* DESCRIPTION OF THE TASK:
Please print every record exactly as it stands, leaving out the pictures.

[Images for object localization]
┄┄┄┄┄┄┄┄┄┄┄┄┄┄┄┄┄┄┄┄

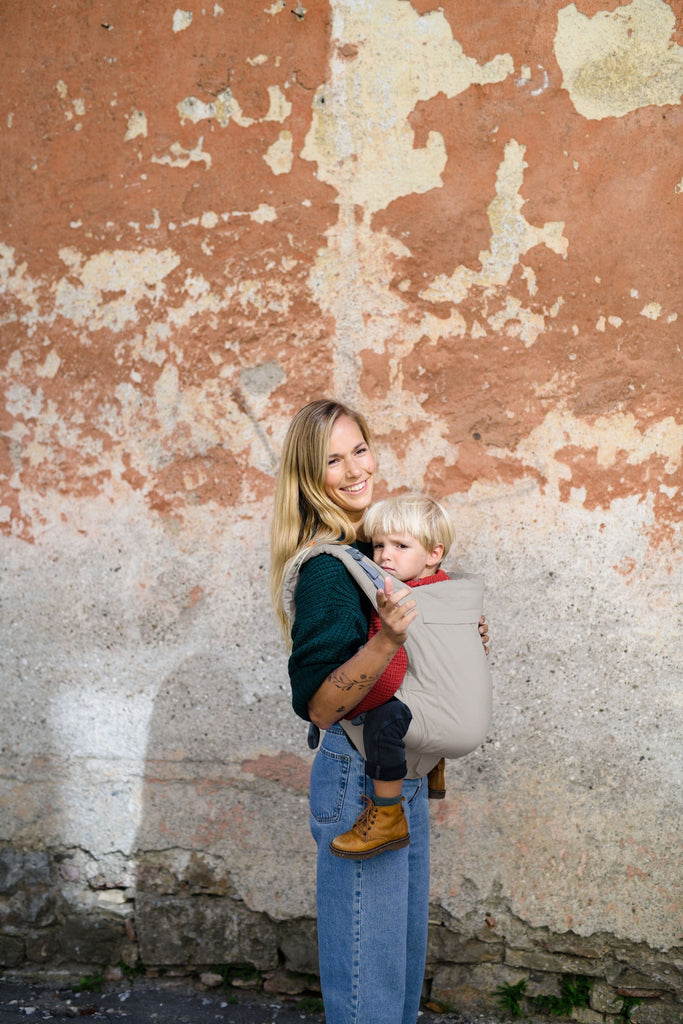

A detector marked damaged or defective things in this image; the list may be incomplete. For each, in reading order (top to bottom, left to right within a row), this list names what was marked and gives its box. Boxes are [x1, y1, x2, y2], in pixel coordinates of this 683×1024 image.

peeling plaster [557, 0, 683, 119]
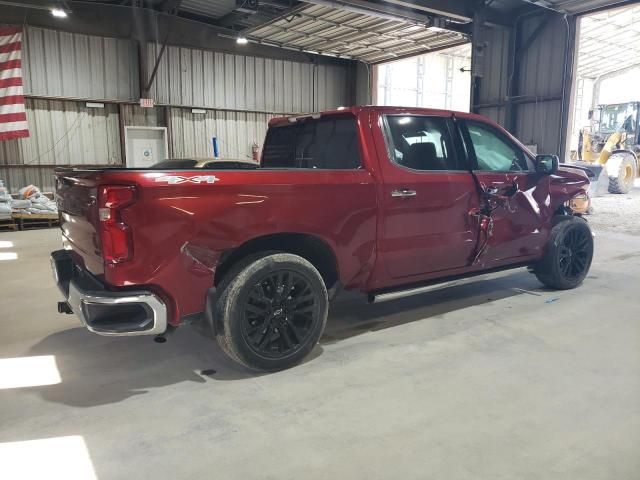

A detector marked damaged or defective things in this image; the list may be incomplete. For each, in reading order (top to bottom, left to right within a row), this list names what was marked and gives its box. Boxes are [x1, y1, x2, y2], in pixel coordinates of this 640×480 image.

damaged red truck [51, 107, 596, 372]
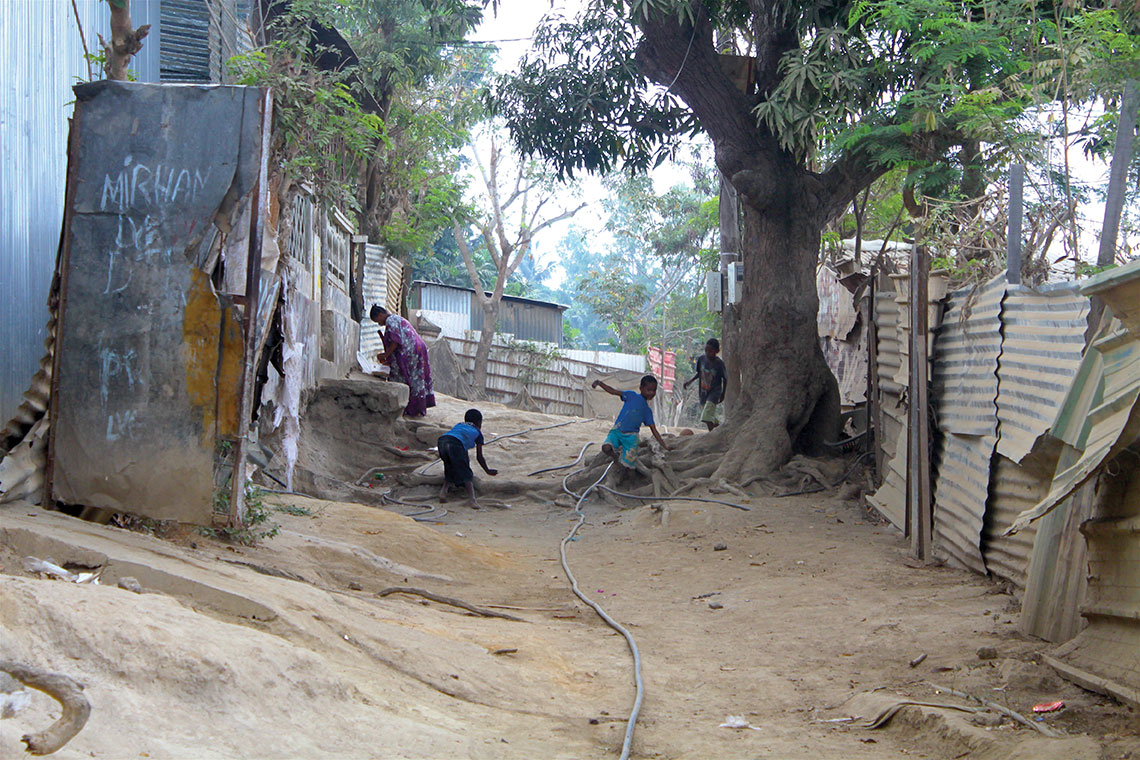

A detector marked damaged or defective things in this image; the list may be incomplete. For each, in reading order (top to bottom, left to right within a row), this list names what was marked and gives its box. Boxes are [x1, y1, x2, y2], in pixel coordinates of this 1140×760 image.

rusted corrugated metal sheet [0, 0, 159, 421]
rusted corrugated metal sheet [934, 276, 1007, 437]
rusted corrugated metal sheet [994, 282, 1089, 464]
rusted corrugated metal sheet [930, 430, 994, 574]
rusted corrugated metal sheet [984, 455, 1044, 592]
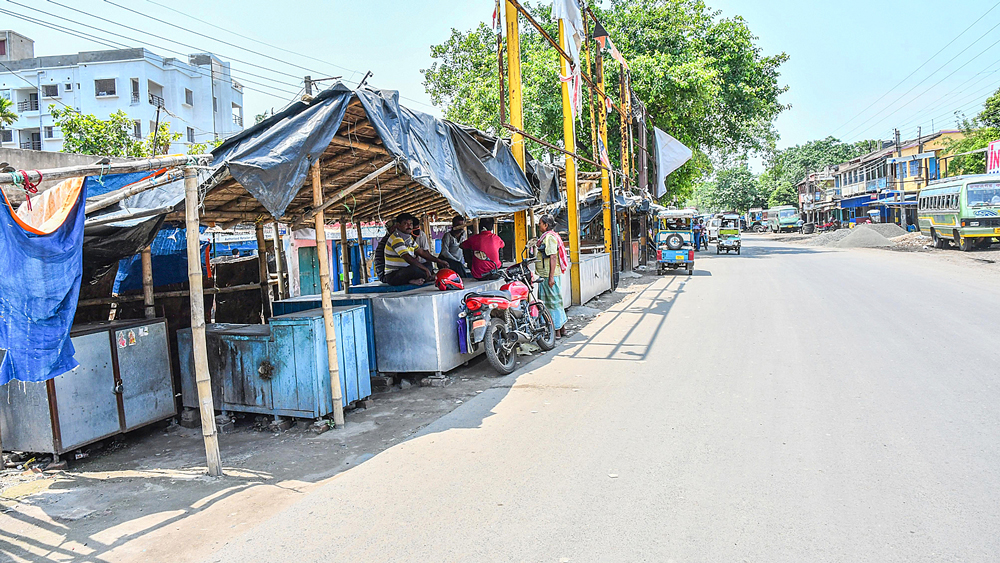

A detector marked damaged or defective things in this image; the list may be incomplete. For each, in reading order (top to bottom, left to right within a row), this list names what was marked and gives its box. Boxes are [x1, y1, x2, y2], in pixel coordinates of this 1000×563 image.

rusty metal cabinet [0, 320, 176, 456]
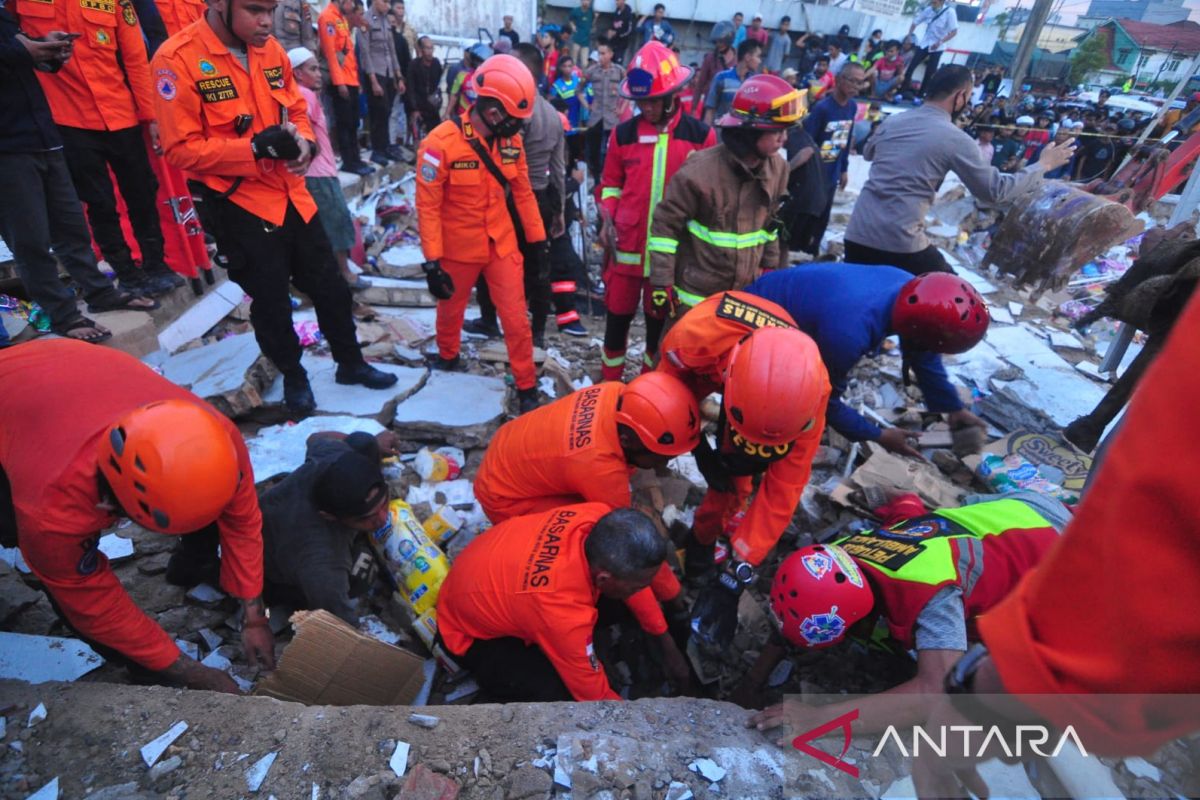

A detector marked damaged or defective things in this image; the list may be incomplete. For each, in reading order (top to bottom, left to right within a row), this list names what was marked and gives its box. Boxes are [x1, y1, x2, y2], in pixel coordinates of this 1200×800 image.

┄┄┄┄┄┄┄┄┄┄┄┄┄┄┄┄┄┄┄┄

* TASK OUTPUT:
A detector marked damaged or defective things in this image; the list may be incomplete. For each, in reading order (top to bottom, left to right within a row), this list names what was marked and gives its box. Boxes are [x1, y1, x2, y2], in pixel coordinates of this 683×1024 image.

peeling plaster [557, 0, 683, 119]

A detector marked damaged or defective things in this image; the list may be incomplete. For each, in reading order (top to bottom, left to right within a row), this list names what was marked and gives its box. Boxes are [x1, y1, x2, y2], in pixel coordinates of this 640×480 image.

damaged red truck [51, 107, 596, 372]

A detector marked damaged or defective things in this image; the list may be incomplete. For each, in reading order (top to bottom, left to right within a row), this list names what was marked and gives its box. Boxes are [x1, y1, x2, y2], in pixel coordinates of this 1140×760 image.

rusted corrugated metal sheet [0, 0, 159, 421]
rusted corrugated metal sheet [934, 276, 1007, 437]
rusted corrugated metal sheet [994, 282, 1089, 464]
rusted corrugated metal sheet [930, 430, 994, 574]
rusted corrugated metal sheet [984, 455, 1044, 592]

A detector marked damaged or defective things in this image; the list may be incomplete. For each, in reading order (top to bottom, left to right within a row), this list names what was marked and gives its box. Boxes are [x1, y1, x2, y2], in pixel coordinates of this 1000×563 image.

rusty metal cabinet [0, 320, 176, 456]

A detector marked damaged or defective things in this image; the list may be incomplete. For each, in reading order (top to bottom, left to right within a row), this list names what was marked and gives its box. Boxes are [x1, y1, x2, y2], in pixel coordinates of this 1200×800 image.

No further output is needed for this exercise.